- Crawled caption data:
# # #
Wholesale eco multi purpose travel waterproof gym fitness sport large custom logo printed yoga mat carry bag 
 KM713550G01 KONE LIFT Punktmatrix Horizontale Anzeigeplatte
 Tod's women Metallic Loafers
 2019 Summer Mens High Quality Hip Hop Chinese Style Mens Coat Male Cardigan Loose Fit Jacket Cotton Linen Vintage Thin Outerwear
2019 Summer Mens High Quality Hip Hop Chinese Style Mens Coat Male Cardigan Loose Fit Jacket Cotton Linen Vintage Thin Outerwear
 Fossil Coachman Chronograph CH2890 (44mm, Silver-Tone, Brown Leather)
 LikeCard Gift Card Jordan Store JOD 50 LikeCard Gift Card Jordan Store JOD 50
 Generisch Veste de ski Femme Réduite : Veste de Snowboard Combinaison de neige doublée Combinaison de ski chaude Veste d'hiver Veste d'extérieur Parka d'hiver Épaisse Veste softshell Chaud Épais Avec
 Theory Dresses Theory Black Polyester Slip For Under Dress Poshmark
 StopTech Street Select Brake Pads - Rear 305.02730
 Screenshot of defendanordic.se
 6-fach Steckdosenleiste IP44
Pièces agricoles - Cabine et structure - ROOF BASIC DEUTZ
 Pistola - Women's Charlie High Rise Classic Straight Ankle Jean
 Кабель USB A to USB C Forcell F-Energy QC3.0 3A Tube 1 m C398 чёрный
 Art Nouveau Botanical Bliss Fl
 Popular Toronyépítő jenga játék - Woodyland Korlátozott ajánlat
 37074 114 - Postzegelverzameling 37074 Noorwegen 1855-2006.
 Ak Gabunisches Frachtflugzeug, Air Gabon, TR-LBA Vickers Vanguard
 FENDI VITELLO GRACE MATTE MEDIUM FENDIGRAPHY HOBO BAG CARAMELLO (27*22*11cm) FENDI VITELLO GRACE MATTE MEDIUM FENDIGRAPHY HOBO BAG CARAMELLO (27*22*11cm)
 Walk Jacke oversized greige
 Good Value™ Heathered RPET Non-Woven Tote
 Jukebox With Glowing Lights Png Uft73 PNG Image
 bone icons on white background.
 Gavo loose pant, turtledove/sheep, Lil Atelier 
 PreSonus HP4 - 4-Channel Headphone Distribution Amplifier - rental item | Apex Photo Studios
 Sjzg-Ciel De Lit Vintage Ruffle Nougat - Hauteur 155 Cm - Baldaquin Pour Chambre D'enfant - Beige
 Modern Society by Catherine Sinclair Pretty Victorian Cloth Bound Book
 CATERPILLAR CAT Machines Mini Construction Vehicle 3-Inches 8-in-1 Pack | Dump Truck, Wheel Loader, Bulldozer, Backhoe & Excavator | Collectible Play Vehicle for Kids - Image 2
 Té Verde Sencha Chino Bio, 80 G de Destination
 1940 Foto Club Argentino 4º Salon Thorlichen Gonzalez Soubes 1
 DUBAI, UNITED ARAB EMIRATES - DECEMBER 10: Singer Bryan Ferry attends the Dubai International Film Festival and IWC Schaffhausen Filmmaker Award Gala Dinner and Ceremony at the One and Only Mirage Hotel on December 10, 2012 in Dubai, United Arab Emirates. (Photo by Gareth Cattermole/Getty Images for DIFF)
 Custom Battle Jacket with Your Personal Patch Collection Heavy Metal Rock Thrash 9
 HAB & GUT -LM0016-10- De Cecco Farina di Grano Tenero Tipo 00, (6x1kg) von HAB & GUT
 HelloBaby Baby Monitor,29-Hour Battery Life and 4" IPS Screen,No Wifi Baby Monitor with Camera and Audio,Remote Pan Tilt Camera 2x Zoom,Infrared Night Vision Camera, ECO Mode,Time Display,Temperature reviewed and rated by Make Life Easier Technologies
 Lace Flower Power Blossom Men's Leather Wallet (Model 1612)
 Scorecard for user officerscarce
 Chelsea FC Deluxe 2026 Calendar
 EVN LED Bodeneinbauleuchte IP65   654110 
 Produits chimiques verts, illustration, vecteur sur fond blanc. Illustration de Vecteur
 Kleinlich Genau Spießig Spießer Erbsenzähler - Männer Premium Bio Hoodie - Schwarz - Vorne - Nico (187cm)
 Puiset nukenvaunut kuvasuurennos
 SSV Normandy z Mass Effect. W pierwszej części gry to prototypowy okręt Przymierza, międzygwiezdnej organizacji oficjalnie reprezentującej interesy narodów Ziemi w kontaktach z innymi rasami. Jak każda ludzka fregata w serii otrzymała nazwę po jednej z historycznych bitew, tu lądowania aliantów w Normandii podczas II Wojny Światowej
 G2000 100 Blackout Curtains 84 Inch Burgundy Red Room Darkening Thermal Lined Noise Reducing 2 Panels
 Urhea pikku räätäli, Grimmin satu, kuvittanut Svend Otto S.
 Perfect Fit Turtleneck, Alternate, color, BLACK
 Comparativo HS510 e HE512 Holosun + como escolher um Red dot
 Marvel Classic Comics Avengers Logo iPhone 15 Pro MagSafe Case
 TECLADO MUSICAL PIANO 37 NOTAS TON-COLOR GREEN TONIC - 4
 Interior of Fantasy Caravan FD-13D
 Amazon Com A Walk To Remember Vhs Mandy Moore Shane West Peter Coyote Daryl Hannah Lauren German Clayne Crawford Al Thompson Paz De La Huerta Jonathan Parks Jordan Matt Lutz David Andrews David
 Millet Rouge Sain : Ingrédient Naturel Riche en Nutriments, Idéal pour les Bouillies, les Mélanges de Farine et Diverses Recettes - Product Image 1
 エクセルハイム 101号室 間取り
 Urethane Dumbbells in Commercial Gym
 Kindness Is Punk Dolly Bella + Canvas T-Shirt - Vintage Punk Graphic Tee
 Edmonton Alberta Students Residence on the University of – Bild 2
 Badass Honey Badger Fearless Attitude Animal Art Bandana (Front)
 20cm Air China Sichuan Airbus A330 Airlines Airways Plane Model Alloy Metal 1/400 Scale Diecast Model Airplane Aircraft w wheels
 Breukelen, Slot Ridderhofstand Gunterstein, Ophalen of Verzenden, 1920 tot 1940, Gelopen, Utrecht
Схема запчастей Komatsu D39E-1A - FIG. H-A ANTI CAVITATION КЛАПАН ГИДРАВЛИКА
# # #
- WHAT YOU WILL DO: Beginning at the line with "Pièces agricoles - Cabine" and stopping after the line with "Good Value™ Heathered RPET Non-Woven Tote", please write out every line of the data above exactly and nothing else.

- SOLUTION:
Pièces agricoles - Cabine et structure - ROOF BASIC DEUTZ
 Pistola - Women's Charlie High Rise Classic Straight Ankle Jean
 Кабель USB A to USB C Forcell F-Energy QC3.0 3A Tube 1 m C398 чёрный
 Art Nouveau Botanical Bliss Fl
 Popular Toronyépítő jenga játék - Woodyland Korlátozott ajánlat
 37074 114 - Postzegelverzameling 37074 Noorwegen 1855-2006.
 Ak Gabunisches Frachtflugzeug, Air Gabon, TR-LBA Vickers Vanguard
 FENDI VITELLO GRACE MATTE MEDIUM FENDIGRAPHY HOBO BAG CARAMELLO (27*22*11cm) FENDI VITELLO GRACE MATTE MEDIUM FENDIGRAPHY HOBO BAG CARAMELLO (27*22*11cm)
 Walk Jacke oversized greige
 Good Value™ Heathered RPET Non-Woven Tote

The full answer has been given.